Land Over Landings says it’s time for the Pickering Airport dream to be finally put to bed
Published April 21, 2023 at 11:36 am
Land Over Landings, an organization fighting against the proposed Pickering Airport for nearly two decades, believes Mayor Kevin Ashe is trying to “strong-arm” Council into delaying any action to rescind support for the now 51 year-old plan to build an major airport in north Pickering.
Council was expected to withdraw its official support for the airport at a meeting last month until Ashe, in the words of Land Over Landings Chair Mary Delaney, “subverted the process and engineered a deferral of the vote.”
Delaney said Ashe “broke with tradition” by preventing other councillors from speaking during a debate on a motion from Councillors Mara Nagy and Linda Cook to withdraw the City’s support for the airport and not spend any more money or resources on the proposal.
Ashe’s rationale that Council should delay their decision because of an upcoming review of aviation needs in the GTA from Transport Canada doesn’t hold water, in Delaney’s mind, who said the issue has already been “studied to death” since the lands for the airport were first expropriated by Ottawa in 1972.
“Pickering has spent scarce taxpayer-funded resources and god knows how many hours of staff time lobbying for an imaginary airport, while mostly ignoring the real potential of an actual national park within its borders,” she said.

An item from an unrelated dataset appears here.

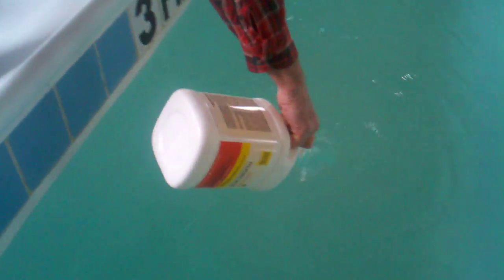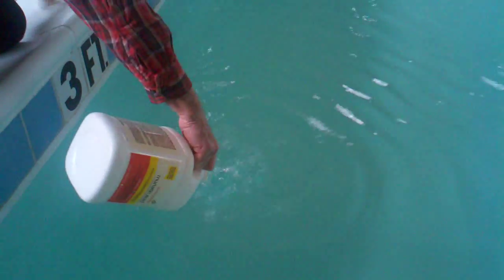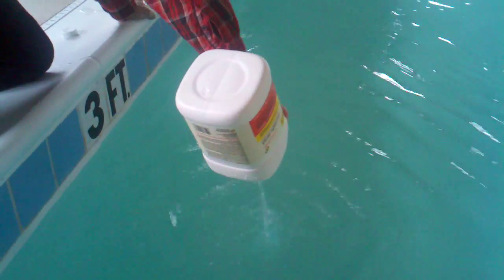So if the pH is too high, we're going to simply add muriatic acid right in here. We'll do a whole gallon of it. Now technically there's no reason that people couldn't swim in this right away — about 30 minutes if you put a gallon in.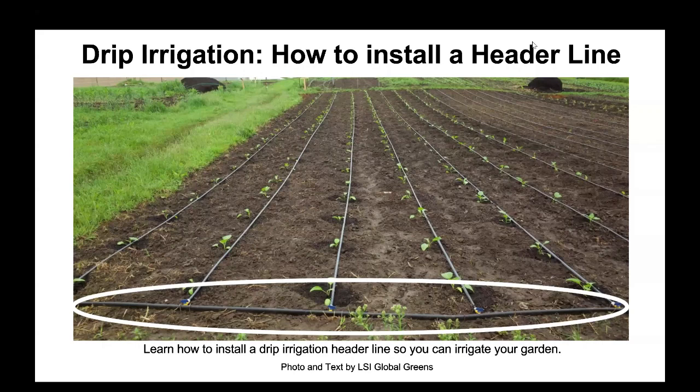Drip Irrigation: How to Install a Header Line. Learn how to install a drip irrigation header line so you can irrigate your garden. Photo and text by LSI Global Greens.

Ashe is the lone public supporter of the airport on Council and all six councillors said during the election they oppose an airport in north Pickering, Delaney pointed out. All, she added, support farmland protection and favour lobbying Ottawa for a north Pickering stop on the planned high-frequency rail line instead of an airport.

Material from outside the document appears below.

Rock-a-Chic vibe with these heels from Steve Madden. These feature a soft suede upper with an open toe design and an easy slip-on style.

Delaney, as well as Pickering Councillor Maurice Brenner and Pickering-Uxbridge MP Jennifer O’Connell, who chimed in on social media, also pointed to the announcement on the aviation study that contained a statement from Transport Canada Minister Omar Alghabra that Ottawa has “no intention” of building an airport in Pickering in the near future and the outcome of the study could lead to a determination that an airport on Pickering Lands is “not required in long term” either.

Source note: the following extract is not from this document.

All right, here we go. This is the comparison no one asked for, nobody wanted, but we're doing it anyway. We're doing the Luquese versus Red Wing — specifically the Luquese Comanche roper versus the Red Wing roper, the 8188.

Delaney and Brenner both say this statement should “seal the deal” on the Pickering Airport’s future and McConnell, who said “study after study” has shown there isn’t a business case for an airport, welcomed the new study, which will “once and for all” release the lands from a “constant threat” of an airport.
Ashe, for his part, also welcomed the new study, which will help the ministry analyze current and future airport supply and demand in the GTA and southern Ontario.
“Transport Canada’s issuance of an RFP to undertake a new and updated aviation study is one major step forward towards the federal government making a final decision on a Pickering airport,” Ashe said. “As such, it would be pragmatic for Pickering Council to pause its discussions on the Pickering airport until the study is completed and its findings released. It is only then that we can have a meaningful and informed dialogue.”
Brenner, who expects a packed house at Monday’s Council meeting, said his “gut feeling” is that Ashe will get his wish and the motion to rescind the City’s support for the airport will be deferred once again.
He believes the three-part motion will be split, however, and that Council will agree to not spend any more taxpayer dollars or staff resources on the airport dream, as well as renew their support for a high-frequency rail stop in north Pickering.